After a surprise announcement and quick release, XCOM: Chimera Squad brings us more XCOM – this time with a slightly different approach set against the backdrop of a post-XCOM 2 world.
In that world, the invading aliens have been defeated, but the win came at a high price. Countries as we know them today no longer exist, and humanity has to be defined differently as well. We now have alien-human hybrids, and also find ourselves in a society in which the remaining aliens have to co-exist with us.
As part of those challenges, there is now a Chimera Squad, a crew that includes some of these hybrids and aliens to form a team of ‘superheroes’ that’s reminiscent of something like Guardians of the Galaxy. You’re in charge of this crew, and that means you now have access to abilities you previously only had to defend yourself from.

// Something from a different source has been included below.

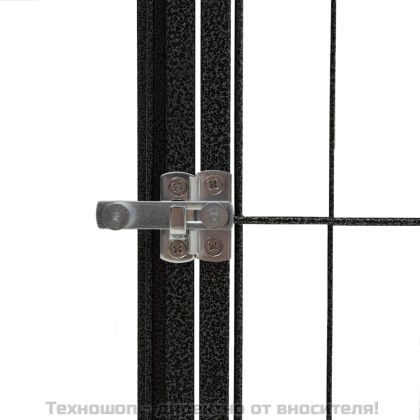 Заграждение за куче черно 40 панела 100x50 см прахово боядисано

The entire campaign of Chimera Squad takes place inside City 31, highlighting that this is a game with a smaller scope than XCOM 2. To match this, it’s being released at a very friendly price point – something close to the price of a decent DLC release but delivered as a standalone experience. Sure, it helps if you’ve played XCOM 2, but this should make things easier if you perhaps played it on a console and want to switch to the PC instead.

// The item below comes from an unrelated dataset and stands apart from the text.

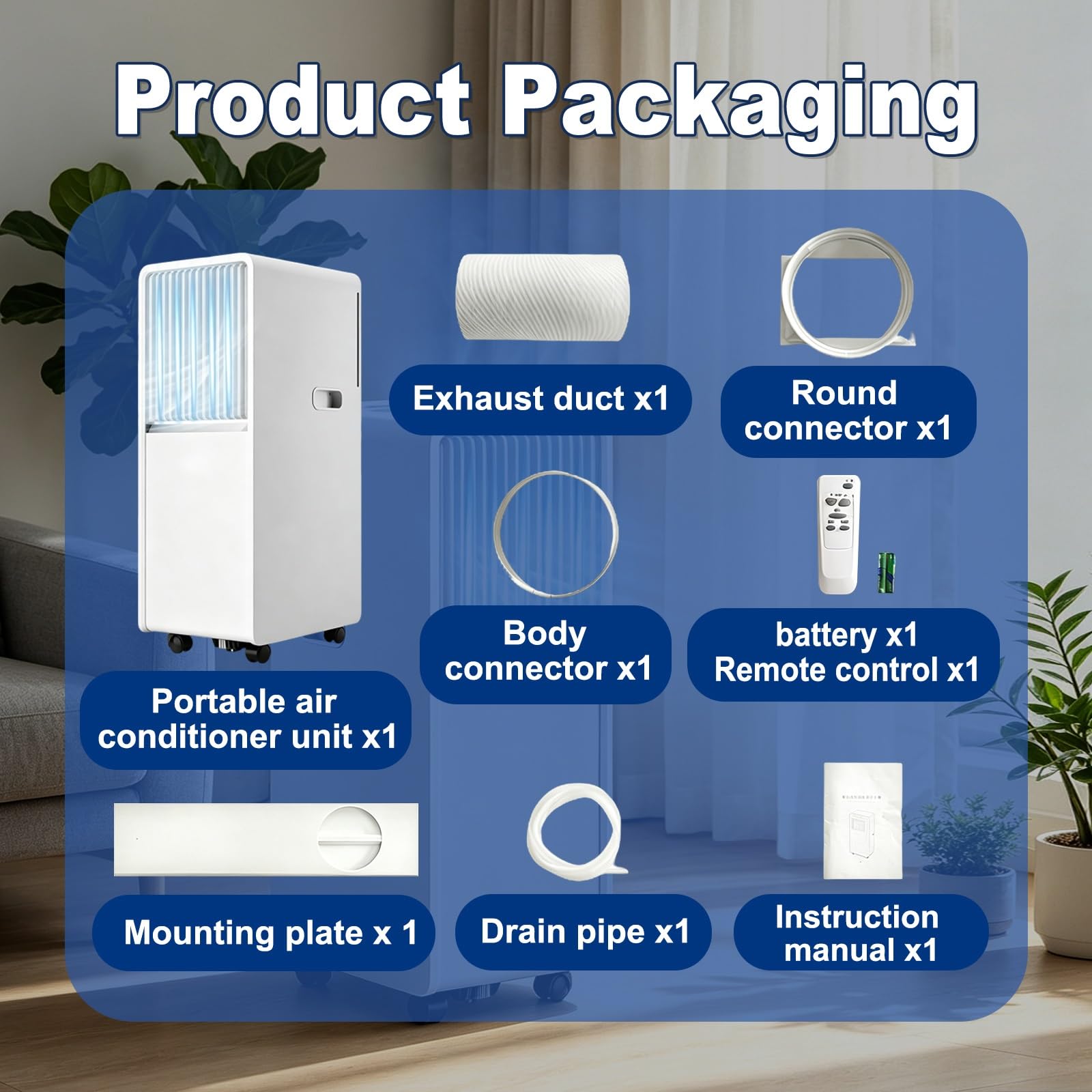 Climatizador Portátil 13000 BTU Silencioso para Hogar | Climatizador Portátil 13000 BTU con adjustment Remoto, Temporizador 24H y Modo Sueño para Mayor Comodidad(Model A)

The actual gameplay has been simplified as well, with a more focused campaign and a lack of base management. Completing a mission means surviving with all of your team members intact as well, which is a change from the dilemmas you used to face when losing a valued (and upgraded) member of the team in XCOM 2. Missions are generally shorter in Chimera Squad though, so replaying a mission isn’t as daunting a prospect as it was in XCOM 2.
Besides being shorter, missions also play out differently, because you know which enemy trooper is going to move first and how the order of movement on their end plays out after that. This adds a bit of a tactical puzzle element into the mix that makes the game more accessible, though XCOM veterans might prefer the old system over this one.
Being able to use alien capabilities for yourself is certainly a breath of fresh air though, and even though the events are heavily tied into the XCOM 2 universe it makes Chimera Squad feel like a relatively new experience. It all looks similar and feels like you’re picking up where the previous game left off, but it’s different enough to warrant a standalone release. In a way, it also feels like a sign of where the franchise might head after this, perhaps with an XCOM 3 that is set in a future where this society has evolved into something where it’s hard to know who you can trust – especially against the backdrop of a new and emerging threat. For now, however, I’m very happy with Chimera Squad – it’s easily the best XCOM release since XCOM 2, by which I mean that it’s more interesting than the DLC packs have been.